Jekyll structures Colour Schemes for the Flower Garden, published in 1914, by the season —like Oxford gardener Robin Lane Fox, who also structured his more technical but equally delicious gardening book.
By season makes practical sense, you see, gardeners have a unique relationship with time, both ruled by its dictations and striving to exist independently. Novelist Penelope Lively called gardening “beyond the dictation of time.” Time is everything (even though when gardening, we often step outside its tyranny.)
Garden time is measured not by dates or weeks but by events: the first magnolia bloom, the upward thrust of the clematis, when to prune the jasmine. Time can expend abruptly and exhaustively—American poet Mary Oliver noticed in her last collection of poems “The fire in leaf and grass so green it seems each summer the last summer”—or time can graciously repeat itself gloriously. In between time, there is ever more time. 1
When the spring flowers are done, and before the full June days came with the great flag irises and the perennial lupins, there is a kind of mid-season. If it can be given a space of ground it will be well bestowed. I have a place I call the Hidden Garden because it is in a corner that might so easily be overlooked if one did not know where to find it.
Jekyll, like many gardeners who keep to themselves, seemed like someone who hid in plain sight. There has always been a bit of mystery about her. Like the legend that she focused on color because her eyesight was failing. Or the whisper that when asked to sit for painter William Nicholson she declined due to her later-in-life obesity. Nicholson, taking inspiration from van Gogh, who once drew his shoes after walking across London, painted Miss Jekyll’s gardening shoes.
Beyond the lawn and a belt of Spanish chestnut I have a little cottage that is known as the Hut. I lived in it for two years while my house was building, and may possibly live in it again for the sake of replenishing an over-drained exchequer, if the ideal well-to-do invalid flower-lover or some very quiet summer tenant, to whom alone I could consent to surrender my dear home for a few weeks, should be presented by kind Providence.
Reality is that despite having a few close gardening friends like fellow gardener William Robinson and architect Edwin Lutyens, Jekyll was most at home in the garden. Not in London society, not when writing about herself, but when expressing herself and artistic talents through her love of gardening. Nourishing that inner space through gardening as psychoanalyst/gardener Sue Stuart-Smith explores in her visionary study of gardening and mental health.
That Jekyll happened to write at all is, as she might say, a gift of Providence.
You might wonder why I included a century-old gardening book on this Site.
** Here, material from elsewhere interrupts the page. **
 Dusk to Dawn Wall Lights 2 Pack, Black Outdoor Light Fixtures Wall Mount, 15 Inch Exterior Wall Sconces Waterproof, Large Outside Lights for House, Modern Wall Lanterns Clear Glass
I believe anyone who popularizes words like “drift” in relation to physical space and asks quietly for moments of contemplation deserves to be widely-read.
Gertrude Jekyll’s Colour Schemes for the Flower Garden exudes that rare quality of someone who loves what they do and writes about it carefully, expertly, and in a beckoning manner. Her work belongs in a cluster of blooms with director Sidney Lumet’s Making Movies, Stephen Fry’s warm, inspiring guide to reading and writing poetry, and certainly Rachel Carson’s Sense of Wonder.